While Washington and Beijing are trading threats and counter threats, tariffs in the US have skyrocketed and President Trump has put the blame squarely on China. Amidst the hullabaloo about tariffs and ongoing trade war between the two nations, Steve Eisman, a hedge fund trader who became popular with his unique bets during the 2008 recession, believes that it is corporate debt that is a major problem for America.

In a recent interview, Eisman stated that if US goes through another recession, it will result in significant losses for junk bonds (high-yield bonds) and corporate bonds with a rating of triple BBB. The latter are just one step higher than the junk bonds.

Eisman is of the opinion that liquidity does not pose a problem. Liquidity refers to how quickly an investor is able to sell a bond at a fair price. Under normal circumstances, junk bonds are not that liquid since they are considered risky securities and hence, very few investors are willing to risk their money on them.

Eisman comments come at a time when the Federal Reserve’s stability sheet shows that there is an increase in new loans during the first quarter of 2019. These loans have been provided to companies that are already burdened by debt. These leverage loans are resulted in the credit standards falling. While the Federal Reserve states that the financial sector is tough, it did point out that investors appear to have a huge appetite for risk.

Randal Quarles, the Federal Reserve Vice Chair for Supervision, stated that the hype created by the media about the report makes it appear as though the world is coming to an end. He believes that leverage-loan risks are much ado about nothing.

This comes at a time when President Trump is blaming China for backtracking on the earlier deals that Beijing had agreed to. With the Chinese delegation on the way to meet their US counterparts for a two-day discussion, the global equity markets are reeling due to the uncertainty created by the US-China trade war and no solution in sight.

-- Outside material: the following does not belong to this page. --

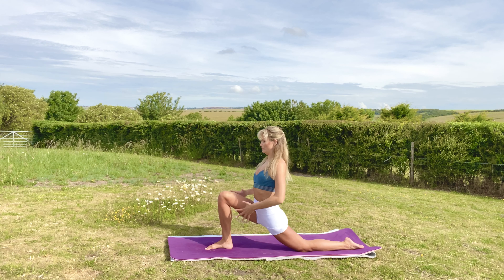Exhale, jump the feet towards your hands. Inhale the arms all the way up, and exhale, hands at the heart. Hope you enjoyed that — a nice little quick workout mobilising the hips. Thank you so much for joining me. Namaste.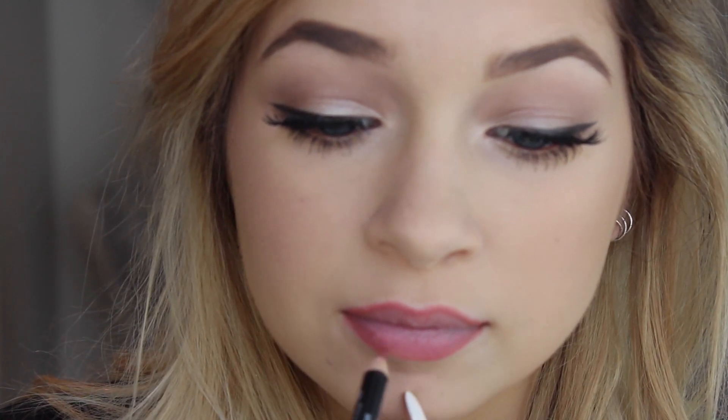On the lower lip, all I'm going to do is overdraw the middle of my lip, and that's going to give my lips a really pouty look. It's also going to look the most natural and not drawn on.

How the performance of the global equity markets affects the US economy is yet to be ascertained. At the moment, stocks and shares are reeling and bonds, whether junk or triple BBB, are not performing very well. The Nasdaq, Dow and S&P 500 have started the day on a poor note. If this performance continues for another few weeks (or months), it could well lead to another recession in the country, resulting in the high-yield bonds collapsing.